WHAT TO PRODUCE: Every record is to be printed exactly as written; pictures are to be omitted.

START PROVIDED MATERIAL

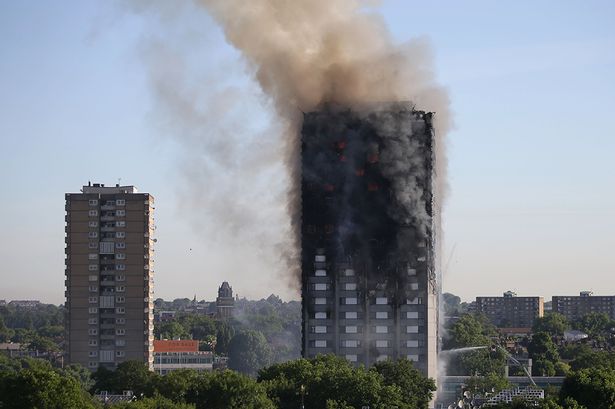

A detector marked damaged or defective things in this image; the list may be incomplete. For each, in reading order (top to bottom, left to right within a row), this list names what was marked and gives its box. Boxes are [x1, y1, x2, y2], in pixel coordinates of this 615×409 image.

charred high-rise facade [302, 103, 438, 378]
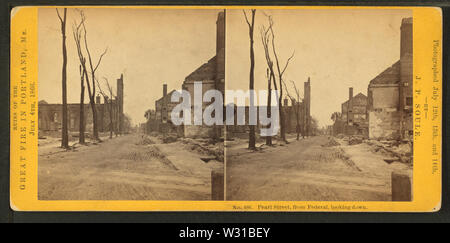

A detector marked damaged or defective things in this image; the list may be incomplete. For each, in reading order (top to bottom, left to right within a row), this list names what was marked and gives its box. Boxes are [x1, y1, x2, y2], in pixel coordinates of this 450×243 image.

burned building [38, 73, 125, 136]
burned building [368, 17, 414, 140]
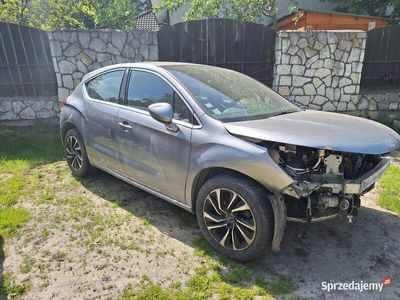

END PROVIDED MATERIAL

OUTPUT FOR THIS EXERCISE:
A detector marked damaged or defective things in this image; the list may be incomplete. For each, in reading order (top to bottom, left to right within a row), this list names what was marked and gives its box. Boxes are [x1, y1, x2, y2], in pixel coordinates of this 615×409 image.

charred high-rise facade [302, 103, 438, 378]

A detector marked damaged or defective things in this image; the list may be incomplete. For each, in reading order (top to bottom, left to right within a row), this list names what was marked and gives its box. Boxes are [x1, y1, x2, y2], in pixel coordinates of this 450×243 image.

burned building [38, 73, 125, 136]
burned building [368, 17, 414, 140]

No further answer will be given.